Dos últimas observaciones: a) Se avecina un conflicto prolongado. No se resuelve ni se disuelve algo así de un plumazo en el BOE. Pero ese reconocimiento no exime de ninguna actuación a la que estén obligados el Gobierno y las instituciones en defensa de la legalidad. b) La Reforma Constitucional es una pieza imprescindible de la reparación de tantos errores pasados y hasta de la esperanza de un futuro posible, tal como sostiene el PSOE con coraje; no para "apaciguar a los independentistas", sino para sentar las bases de una nueva convivencia que no sea solo la conllevanza de identidades en conflicto.

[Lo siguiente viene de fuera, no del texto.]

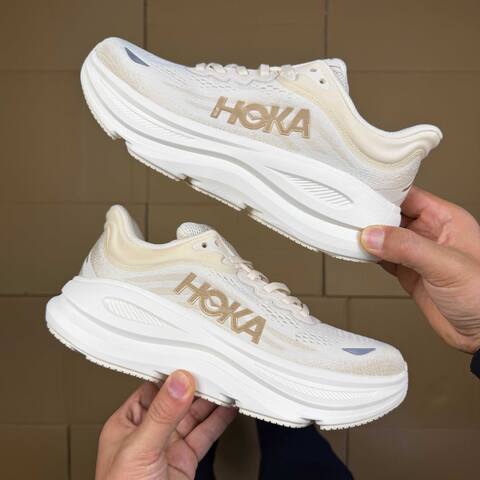 HOKA Bondi 9 Off White Beige Light Blue Running Shoe Running Sneakers (BS-86908)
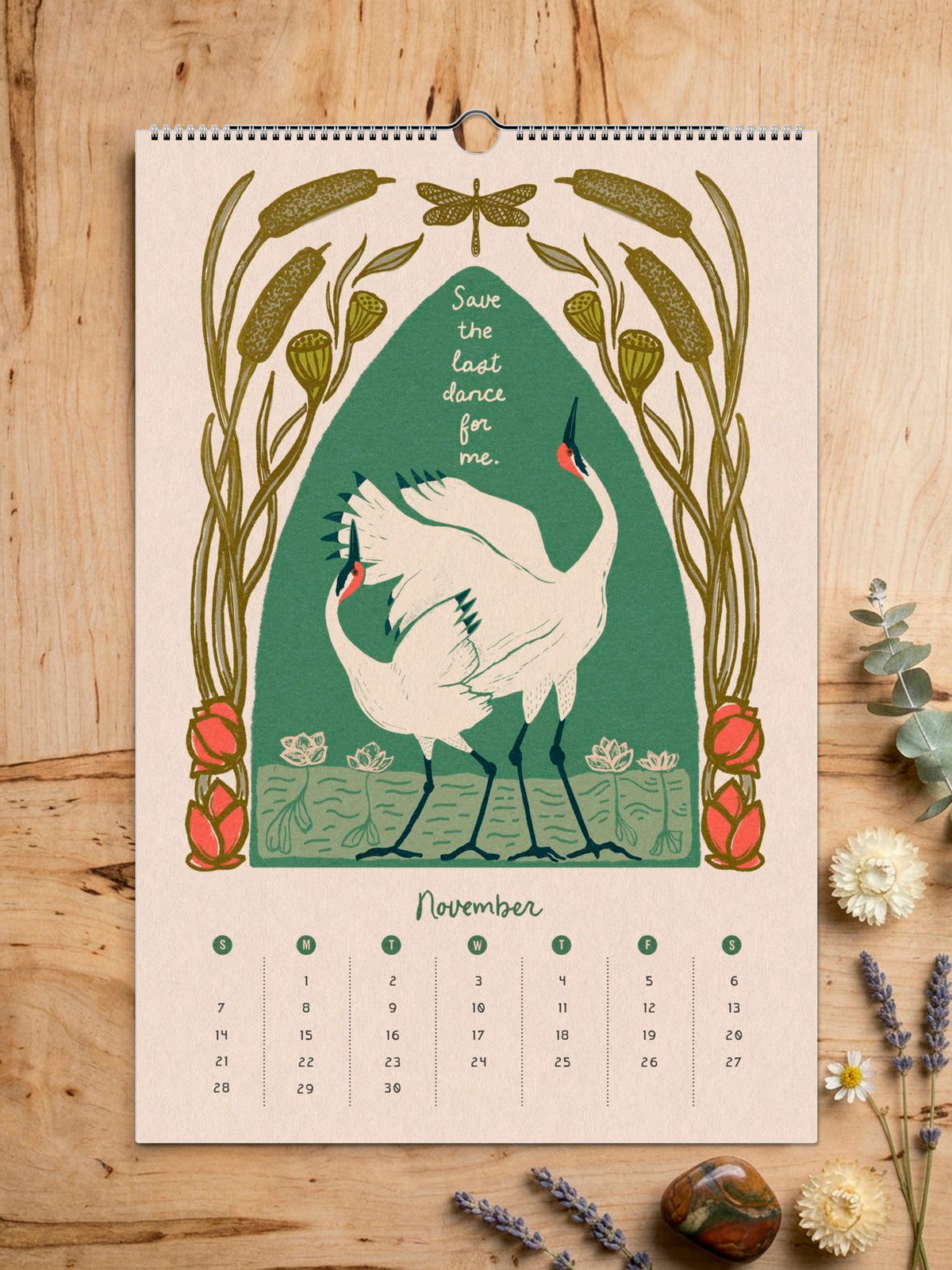 2027 Illustrated "Looking for the Magic" Botanical Birds & Floral  Wall Calendar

Y un desahogo personal: me indigna, sobremanera, que desde el secesionismo se ose llamar impunemente "fascista" o "franquista" con agresividad insultante a todos los que no nos mostramos dispuestos a soportar sus imposiciones unilaterales a pesar de su flagrante violación de todas las reglas y garantías acordadas, y de la voladura de todas las bases de una convivencia cívica tan preciada como frágil. Y me indigna que, tras 40 años de democracia y derechos con garantías en España, se autoproclamen "presos políticos" y se denuncien "torturas policiales" ante los mass media del mundo: no es que no sepan de qué hablan. Es algo peor: desprecian hirientemente, con su banalización del dolor, a los que de verdad hayan sufrido alguna vez persecución política o torturas policiales, la lucha contra la opresión y contra las dictaduras que sigue mereciendo la pena para las necesarias causas de la libertad.